### [INPUT RECORDS]
----

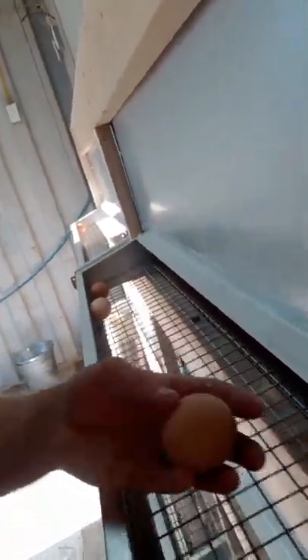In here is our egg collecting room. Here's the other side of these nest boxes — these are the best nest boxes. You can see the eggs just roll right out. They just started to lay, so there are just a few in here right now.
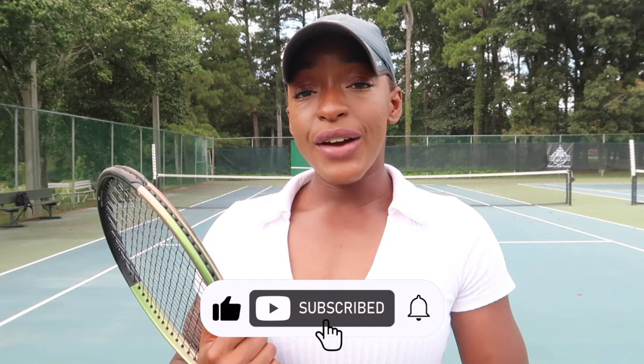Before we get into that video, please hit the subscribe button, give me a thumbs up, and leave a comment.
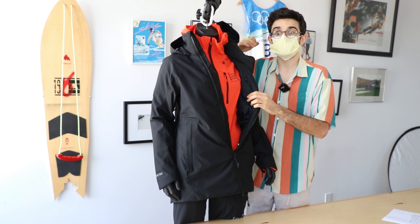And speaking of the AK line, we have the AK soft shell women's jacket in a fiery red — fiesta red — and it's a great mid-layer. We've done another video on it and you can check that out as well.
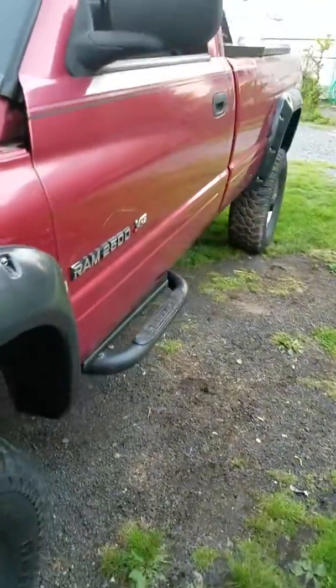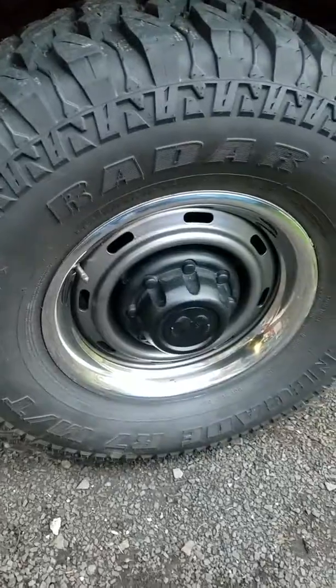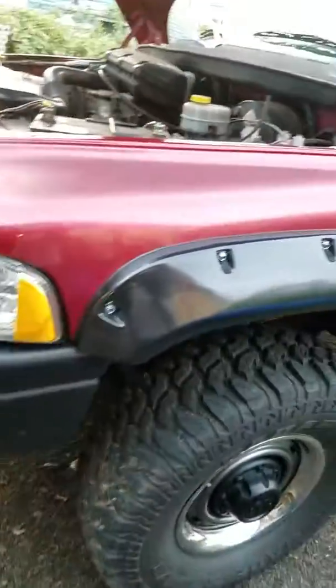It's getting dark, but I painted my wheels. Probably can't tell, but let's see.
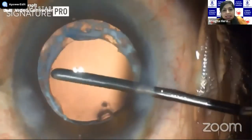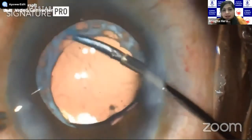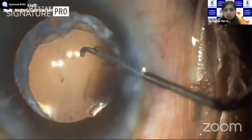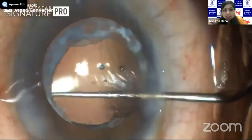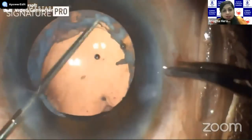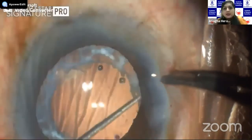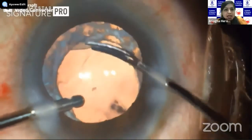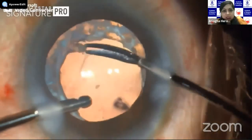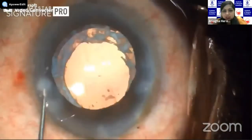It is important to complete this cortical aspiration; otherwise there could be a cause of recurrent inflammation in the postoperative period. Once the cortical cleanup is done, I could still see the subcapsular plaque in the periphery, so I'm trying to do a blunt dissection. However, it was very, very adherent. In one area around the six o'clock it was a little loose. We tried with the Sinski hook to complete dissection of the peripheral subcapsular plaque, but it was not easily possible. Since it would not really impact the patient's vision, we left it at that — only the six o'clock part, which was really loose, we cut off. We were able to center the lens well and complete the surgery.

----

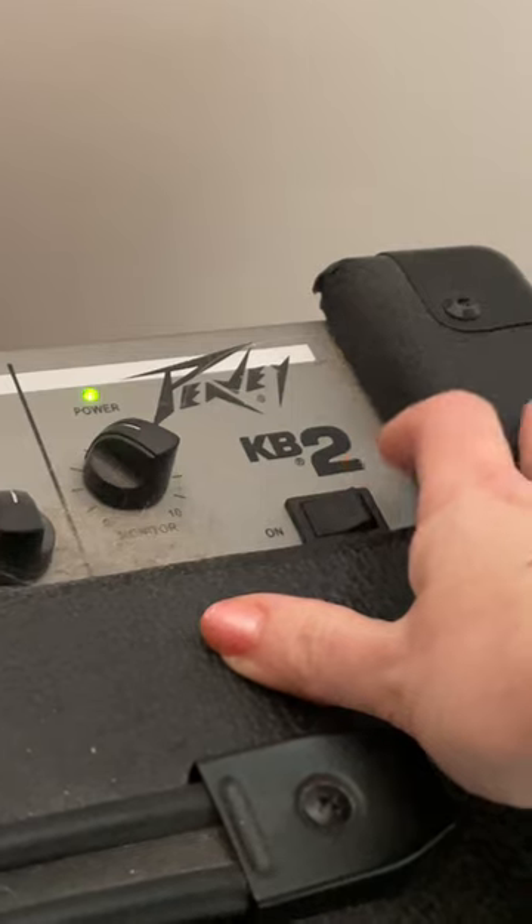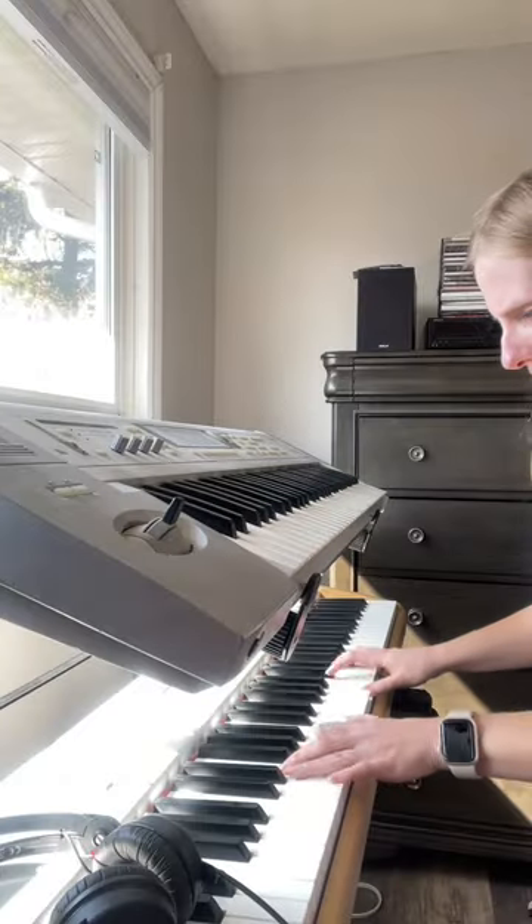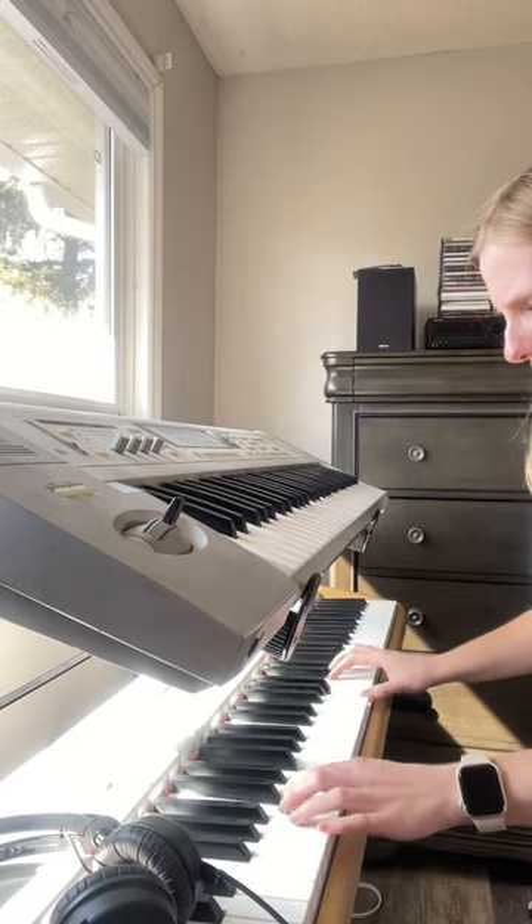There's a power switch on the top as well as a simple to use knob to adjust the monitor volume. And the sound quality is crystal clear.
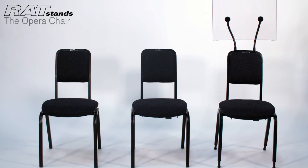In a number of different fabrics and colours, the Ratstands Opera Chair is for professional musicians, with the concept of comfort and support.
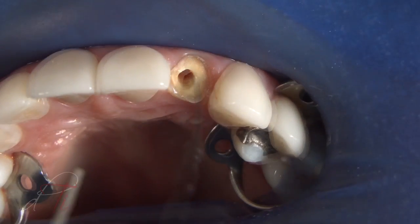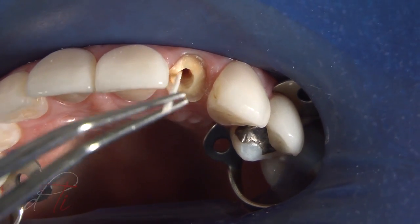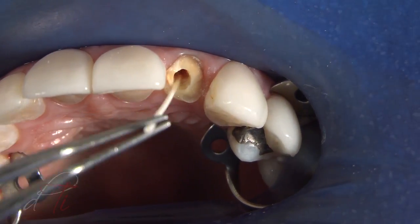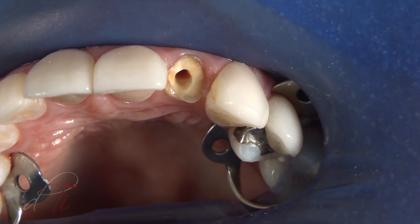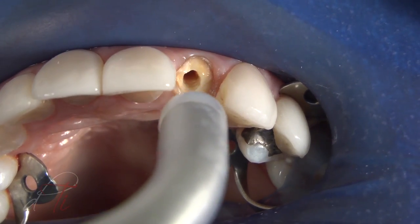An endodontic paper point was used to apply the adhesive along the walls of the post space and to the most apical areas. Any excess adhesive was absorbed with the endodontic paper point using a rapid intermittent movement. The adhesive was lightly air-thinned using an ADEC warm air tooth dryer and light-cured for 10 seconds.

----

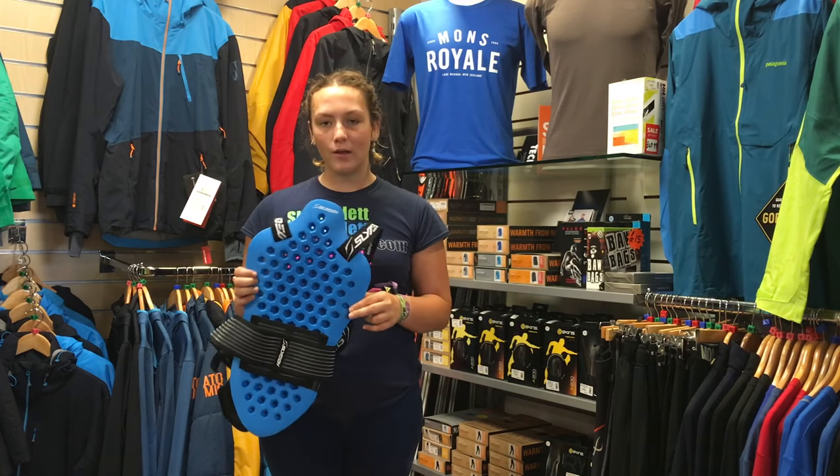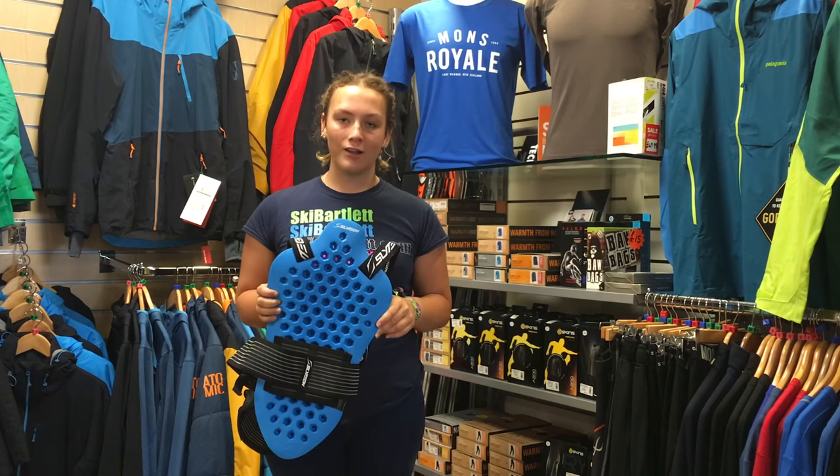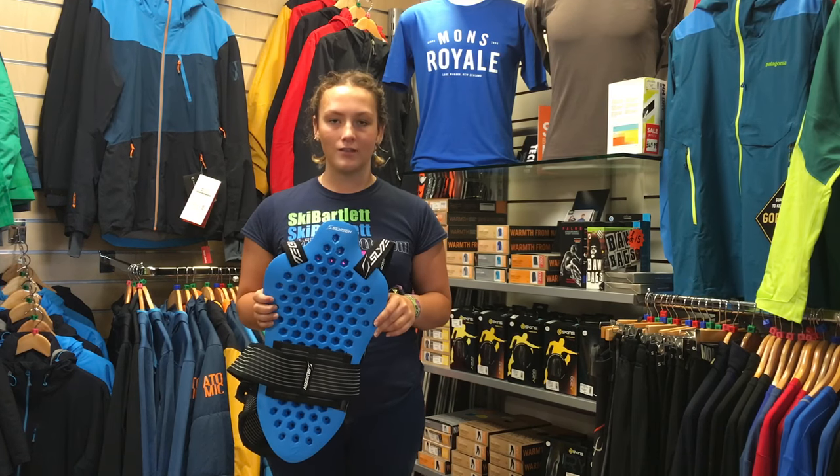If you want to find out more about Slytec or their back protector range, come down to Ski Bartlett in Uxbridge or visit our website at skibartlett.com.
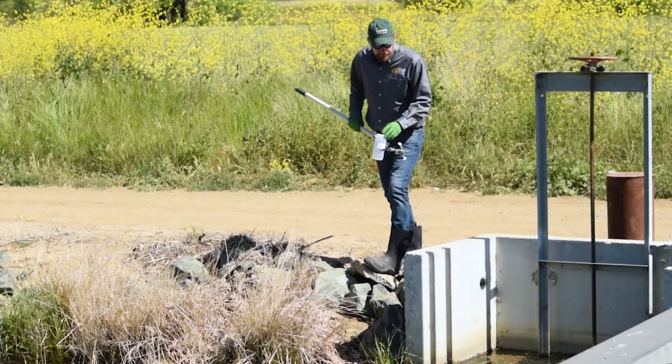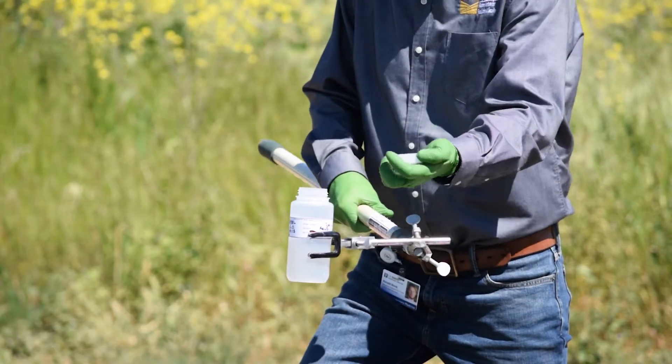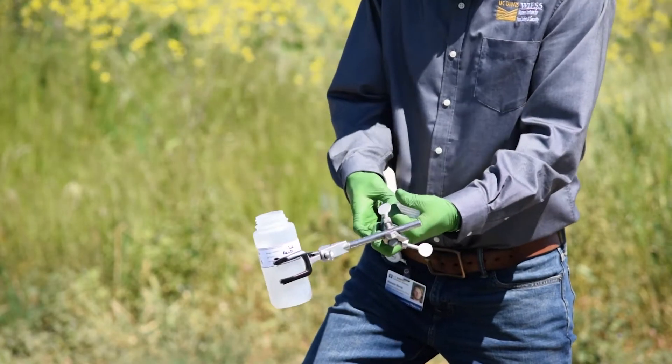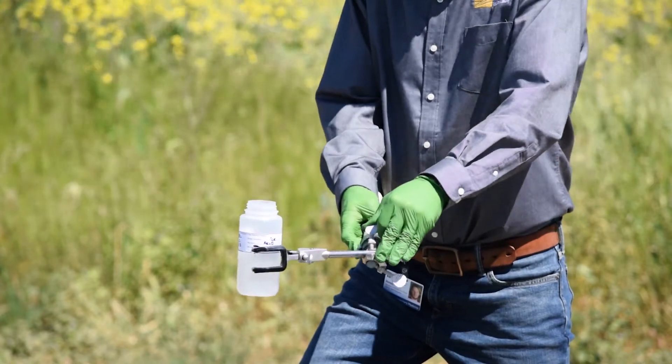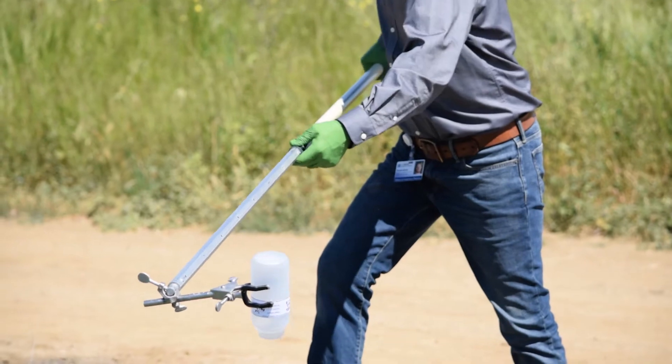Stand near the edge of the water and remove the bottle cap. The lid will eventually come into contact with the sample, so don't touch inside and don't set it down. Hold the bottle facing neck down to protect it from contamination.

----

### [TASK DETAILS]
Quote word for word only the lines above from the one containing "In here is our" through the one containing "Before we get". Pictures stay out of your copy.

### [RESPONSE AREA]
In here is our egg collecting room. Here's the other side of these nest boxes — these are the best nest boxes. You can see the eggs just roll right out. They just started to lay, so there are just a few in here right now.
Before we get into that video, please hit the subscribe button, give me a thumbs up, and leave a comment.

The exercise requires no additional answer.